二の腕ホットドッグ

ある朝、溶彦(とけひこ)がいつものように出勤すると、そこにいつものオフィスはなかった。
社員はみな氷の椅子に腰掛けて氷のデスクに向かって氷の中に液晶とキーボードが埋め込まれた氷のパソコンとにらめっこをしている。
溶彦は同僚に話しかけた。
「おはようございます。なにをしているのですか。」
「みんなでクールビズをしているのです。溶彦君も一緒にやりましょう。」
「嫌です。燃やしてしまいます。」
溶彦はゆらゆら揺れながらカバンの中から火炎ビンを取り出した。
「良いお天気ですねぇぇえぇえぇぇ!!!!!!!!!!!」
溶彦は更にゆらゆら揺れながら火炎ビンを同僚めがけて投げつけた。
「ギャーッ!!!!!!!!!」
同僚は溶けた。
「ひとぉーつ。」
溶彦は死のカウントを開始し、額まで届く長い舌を見せびらかしながら次の標的に視線をやった。
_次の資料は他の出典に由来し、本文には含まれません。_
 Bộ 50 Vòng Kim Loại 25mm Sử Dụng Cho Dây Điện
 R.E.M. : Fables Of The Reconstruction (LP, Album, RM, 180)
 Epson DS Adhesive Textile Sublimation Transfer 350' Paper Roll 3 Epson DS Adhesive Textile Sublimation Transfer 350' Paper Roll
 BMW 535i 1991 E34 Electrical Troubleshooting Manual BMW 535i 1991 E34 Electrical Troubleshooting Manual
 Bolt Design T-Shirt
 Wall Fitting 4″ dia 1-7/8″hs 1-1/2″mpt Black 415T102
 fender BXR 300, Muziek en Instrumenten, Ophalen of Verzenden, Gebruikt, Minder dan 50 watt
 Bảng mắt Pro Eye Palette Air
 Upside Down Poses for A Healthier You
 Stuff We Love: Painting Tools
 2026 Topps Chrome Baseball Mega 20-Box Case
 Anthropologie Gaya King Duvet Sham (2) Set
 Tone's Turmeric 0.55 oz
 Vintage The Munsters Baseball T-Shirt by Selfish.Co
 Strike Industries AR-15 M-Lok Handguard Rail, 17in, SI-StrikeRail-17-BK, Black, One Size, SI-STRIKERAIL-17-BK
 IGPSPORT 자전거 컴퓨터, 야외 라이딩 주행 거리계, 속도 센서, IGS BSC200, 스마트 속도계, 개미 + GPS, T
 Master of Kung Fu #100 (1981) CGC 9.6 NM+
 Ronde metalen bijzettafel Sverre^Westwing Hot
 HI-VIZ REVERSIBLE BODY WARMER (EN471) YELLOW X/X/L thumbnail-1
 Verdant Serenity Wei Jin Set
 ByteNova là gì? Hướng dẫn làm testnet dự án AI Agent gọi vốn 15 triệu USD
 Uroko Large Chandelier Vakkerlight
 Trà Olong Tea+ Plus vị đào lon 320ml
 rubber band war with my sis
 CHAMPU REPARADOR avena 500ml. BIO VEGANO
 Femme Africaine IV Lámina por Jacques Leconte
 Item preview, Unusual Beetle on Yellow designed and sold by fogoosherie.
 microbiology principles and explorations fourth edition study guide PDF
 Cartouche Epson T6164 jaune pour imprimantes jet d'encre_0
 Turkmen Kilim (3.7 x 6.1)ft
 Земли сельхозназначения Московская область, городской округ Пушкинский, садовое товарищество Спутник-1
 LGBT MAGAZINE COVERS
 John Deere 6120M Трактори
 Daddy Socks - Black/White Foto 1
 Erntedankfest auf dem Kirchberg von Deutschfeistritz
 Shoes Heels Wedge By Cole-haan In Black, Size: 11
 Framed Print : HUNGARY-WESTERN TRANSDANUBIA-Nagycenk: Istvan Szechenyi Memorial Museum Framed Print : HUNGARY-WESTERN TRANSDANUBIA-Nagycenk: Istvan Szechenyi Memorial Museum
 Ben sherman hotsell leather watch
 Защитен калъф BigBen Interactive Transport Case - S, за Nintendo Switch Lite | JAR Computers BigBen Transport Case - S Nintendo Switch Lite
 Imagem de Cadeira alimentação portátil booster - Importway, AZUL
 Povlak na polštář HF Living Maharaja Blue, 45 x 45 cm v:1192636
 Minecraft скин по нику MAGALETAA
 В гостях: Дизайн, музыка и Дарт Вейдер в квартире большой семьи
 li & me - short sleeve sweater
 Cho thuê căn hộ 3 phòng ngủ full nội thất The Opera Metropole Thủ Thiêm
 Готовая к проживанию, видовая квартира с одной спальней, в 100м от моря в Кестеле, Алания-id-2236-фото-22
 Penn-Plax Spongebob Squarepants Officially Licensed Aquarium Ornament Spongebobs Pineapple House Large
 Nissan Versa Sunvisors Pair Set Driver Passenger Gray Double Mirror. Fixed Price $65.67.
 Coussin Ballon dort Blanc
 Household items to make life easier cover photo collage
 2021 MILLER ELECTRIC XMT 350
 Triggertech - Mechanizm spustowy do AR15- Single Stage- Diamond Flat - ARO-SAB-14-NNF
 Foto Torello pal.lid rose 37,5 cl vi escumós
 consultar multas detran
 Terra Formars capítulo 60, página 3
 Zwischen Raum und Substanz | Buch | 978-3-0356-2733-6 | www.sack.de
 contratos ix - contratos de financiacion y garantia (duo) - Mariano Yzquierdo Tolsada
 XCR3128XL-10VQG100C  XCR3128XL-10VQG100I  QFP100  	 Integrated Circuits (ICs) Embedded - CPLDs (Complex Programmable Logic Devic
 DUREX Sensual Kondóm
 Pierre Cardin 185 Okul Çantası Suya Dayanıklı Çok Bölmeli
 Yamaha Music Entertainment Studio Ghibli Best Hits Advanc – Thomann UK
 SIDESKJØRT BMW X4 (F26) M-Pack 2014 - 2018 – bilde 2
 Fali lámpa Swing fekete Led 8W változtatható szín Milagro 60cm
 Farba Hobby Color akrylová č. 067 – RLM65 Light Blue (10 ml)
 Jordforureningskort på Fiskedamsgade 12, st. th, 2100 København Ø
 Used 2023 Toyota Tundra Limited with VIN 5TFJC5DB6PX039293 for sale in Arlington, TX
「と、溶彦!落ち着け!クールビズは素晴らしい!こんな時こそクールビズだ!頭を冷やすんだ溶彦!」
「嫌です先輩。溶け散れ。」
溶彦はさっきよりももっとゆらゆら揺れながらカバンから火炎ビンを取り出した。
「いやーーー本っ当に良いお天気だなァーーーー今日は!!!!!!!!!!」
溶彦はもっともっとゆらゆら揺れながら火炎ビンを先輩に投げつけた。
「ギャーッ!!!!!!!!!!!!!!!!」
先輩は溶けた。
「ふたぁーつ。」
二回目の溶彦カウントがなされた。
「うわぁぁぁあぁあぁああああああ!!!!!!!!!」
遂にパニックになった社員達はめちゃくちゃに逃げ回った。
しかし床にもクールビズが適用されていて完全にアイスバーンなのであちこちで転倒しまくる。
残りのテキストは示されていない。